DART will automatically generate all the interface code needed for these new observation types through preprocess. For example, here is a real list of observation types:

! BEGIN DART PREPROCESS KIND LIST
!VELOCITY,                     QTY_VELOCITY,              COMMON_CODE
!TRACER_CONCENTRATION,         QTY_TRACER_CONCENTRATION,  COMMON_CODE
!TRACER_SOURCE,                QTY_TRACER_SOURCE,         COMMON_CODE
!MEAN_SOURCE,                  QTY_MEAN_SOURCE,           COMMON_CODE
!OI_SEA_SURFACE_TEMPERATURE,   QTY_TEMPERATURE,           COMMON_CODE
! END DART PREPROCESS KIND LIST

The first column is the specific observation type and should be unique. The second column is the generic quantity and must match the list of known quantities in obs_kind_mod.f90. The first and second column often match, but as shown in the last line this need not be the case. The third column must be the keyword COMMON_CODE which tells the preprocess program to automatically generate all necessary interface code for this type. COMMON_CODE also implicitly means the “model_interpolate()” routine is used as the forward operator.

Obs definitions for observations needing special handling

For observation types which have observation-specific routines, or must interpolate using a combination of other generic quantities, or require additional observation-specific data to compute, the following format is used:

! BEGIN DART PREPROCESS KIND LIST
! type, quantity
! (repeat lines for each type/quantity pair)
! END DART PREPROCESS KIND LIST

DART will need user-supplied interface code for each of the listed types. For example, here is a real list without “COMMON_CODE” in the third column:

! BEGIN DART PREPROCESS KIND LIST
! DOPPLER_RADIAL_VELOCITY, QTY_VELOCITY
! RADAR_REFLECTIVITY,      QTY_RADAR_REFLECTIVITY
! END DART PREPROCESS KIND LIST

:dart: NOTE: the difference between the simple obs_def case is the lack of COMMON_CODE in the third column.

:dart: NOTE: if interested, you can reference the obs_def_wind_speed_mod.f90 “get_expected_wind_speed()” function for an example of a non-COMMON_CODE observation type. The operator is in the DARTHOME/observations/forward_operators directory.
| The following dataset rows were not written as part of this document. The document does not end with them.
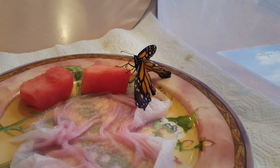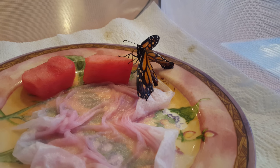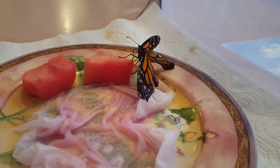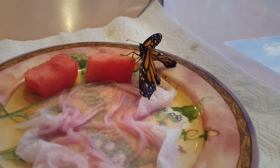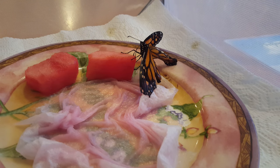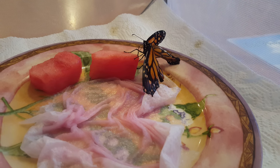You can see the butterfly using its proboscis to feed off the watermelon. Then I took a paper towel, set it on the plate, and poured some vitamin water on it — the dragon fruit flavor — or you can use fruit punch Gatorade. Scrunch it up a little bit and they can feed from that too.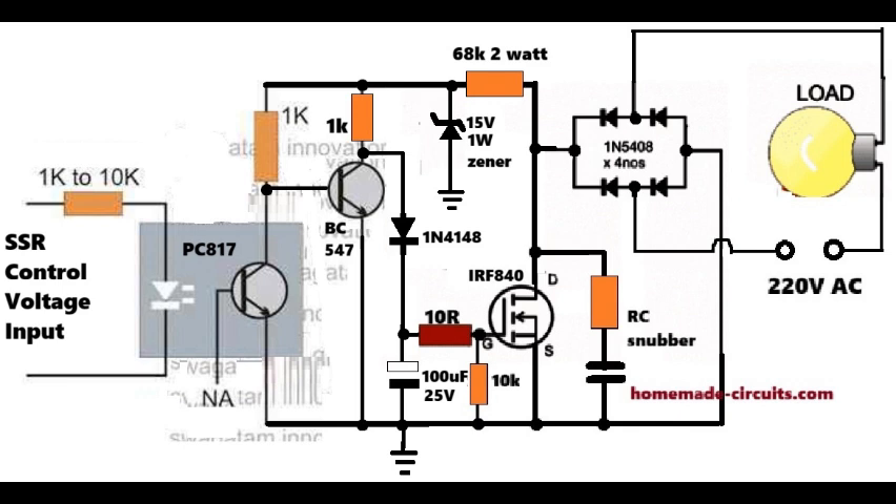The BC547 works like a small amplifier and a gate switch. Now let us see how the MOSFET gate gets its 15V DC voltage. A 68K resistor from the high voltage DC line feeds a small current into the 100uF capacitor. The 15V Zener diode clamps the voltage at a safe 15V. This small power section creates a free and isolated MOSFET gate drive supply without using any separate transformer or SMPS, giving the MOSFET a stable 12 to 15V drive whenever the BC547 switches it.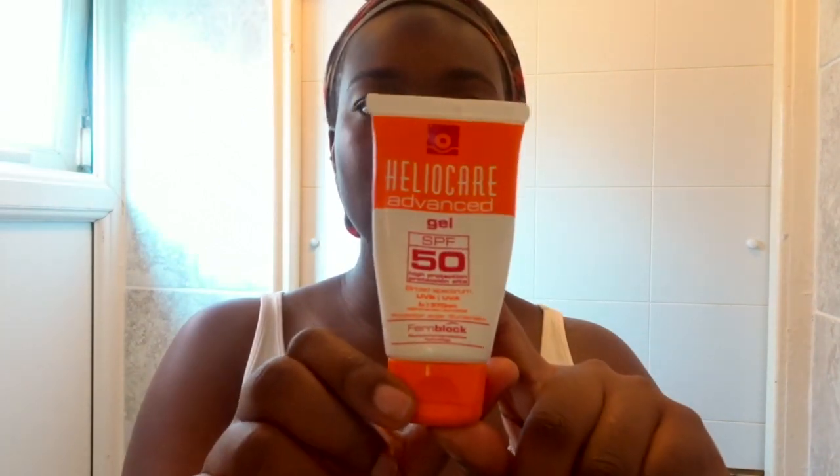Lastly, I'm going in with my SPF — this is Heliocare SPF 50 Gel. I love this because it doesn't leave a white cast over your face; it just blends in so seamlessly. Even if it's not hot outside, you need to make sure you're wearing SPF every single day. I used to think if I'm not going out in the sun I don't need SPF — guys, it's a lie, you need to wear SPF every day.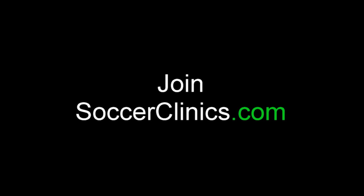For more great drills, visit SoccerClinics.com — the world's largest coaching website.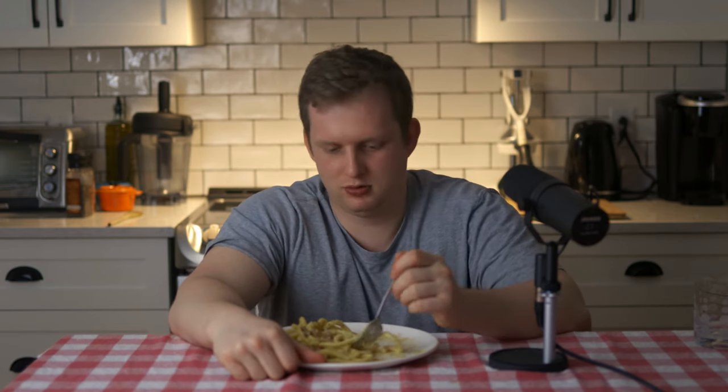It's like more creamy than cream itself. It's freaking delicious, man. It's just a big bowl of flavor, man. Flavortown, Guy Fieri. Hell yeah, man.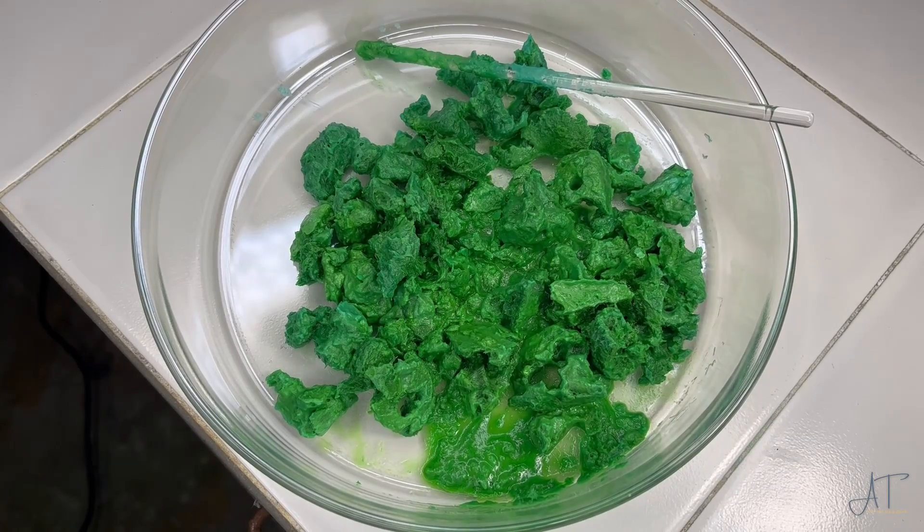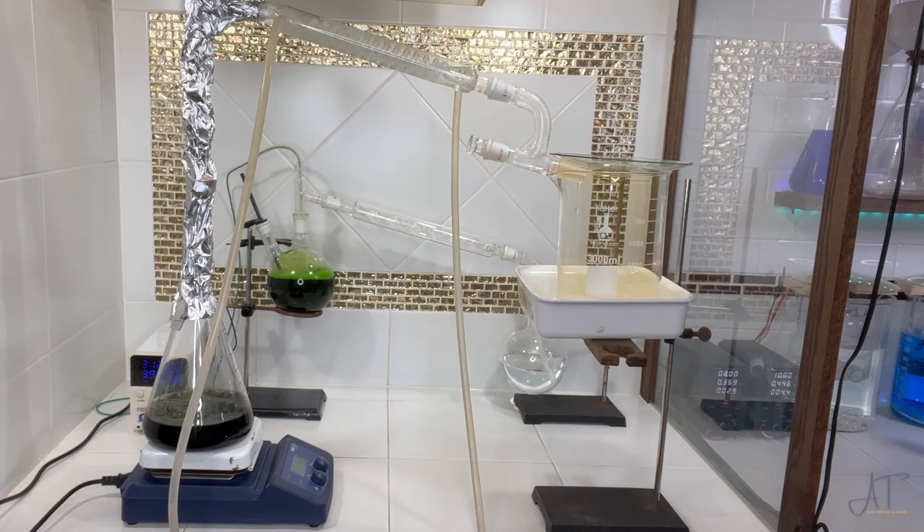What form we want our metals in this time will be in a chloride form. I'm going to show two experiments that will remove hydrochloric acid from aqua regia. The difference is one is much more controlled and the other is faster.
In the non-COMMON_CODE case, DART needs additional information for how to process the observation type. This will include code sections delimited by precisely formatted comments, and possibly module code sections. This code will be combined by preprocess to make a single observation definition file with only the desired observations. There are six such locations within obs_def_XXX.f90 where a new forward operator should make changes to meet the interface of obs_def.

:exclamation: IMPORTANT: as the code in these six comment sections will be automatically combined with the code of other observation definitions, the majority of the forward operator code should be defined inside a separate module to keep variables and other private subroutines from colliding with unrelated routines and variables in other forward operator files. In other words, the code in the sections below should primarily call procedures from a separate module you define.
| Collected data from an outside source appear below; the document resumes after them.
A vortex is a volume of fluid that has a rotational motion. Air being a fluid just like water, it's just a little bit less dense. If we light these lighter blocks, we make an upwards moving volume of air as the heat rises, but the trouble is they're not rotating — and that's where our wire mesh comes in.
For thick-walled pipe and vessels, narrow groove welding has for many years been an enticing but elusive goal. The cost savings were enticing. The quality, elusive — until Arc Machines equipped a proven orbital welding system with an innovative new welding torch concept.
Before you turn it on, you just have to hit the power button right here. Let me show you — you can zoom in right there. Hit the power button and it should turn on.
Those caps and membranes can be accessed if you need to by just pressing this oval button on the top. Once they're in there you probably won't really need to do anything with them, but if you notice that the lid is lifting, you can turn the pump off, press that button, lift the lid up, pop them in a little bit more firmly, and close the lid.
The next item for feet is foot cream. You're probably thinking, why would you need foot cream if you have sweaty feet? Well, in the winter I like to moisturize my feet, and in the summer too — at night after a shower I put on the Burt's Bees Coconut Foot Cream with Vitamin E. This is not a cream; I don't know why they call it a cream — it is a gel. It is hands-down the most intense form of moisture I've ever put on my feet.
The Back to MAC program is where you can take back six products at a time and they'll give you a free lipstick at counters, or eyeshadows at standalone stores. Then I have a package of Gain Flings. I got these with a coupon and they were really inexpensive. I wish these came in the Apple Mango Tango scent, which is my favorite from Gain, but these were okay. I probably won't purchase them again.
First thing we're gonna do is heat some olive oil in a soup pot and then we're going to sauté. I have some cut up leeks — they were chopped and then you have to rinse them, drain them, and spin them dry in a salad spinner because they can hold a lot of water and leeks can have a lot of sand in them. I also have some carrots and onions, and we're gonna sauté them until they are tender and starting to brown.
There are six sections of code inserted into the DEFAULT_obs_def_mod for each of the obs_def modules that are requested. These are:

1. Use statements

preprocess automatically collects and combines the use statements in all observations definitions through the following comment block:

! BEGIN DART PREPROCESS USE OF SPECIAL OBS_DEF MODULE
! END DART PREPROCESS USE OF SPECIAL OBS_DEF MODULE

Any Fortran use statements for public subroutines or variables from other modules should be placed between these lines, with comment characters in the first column.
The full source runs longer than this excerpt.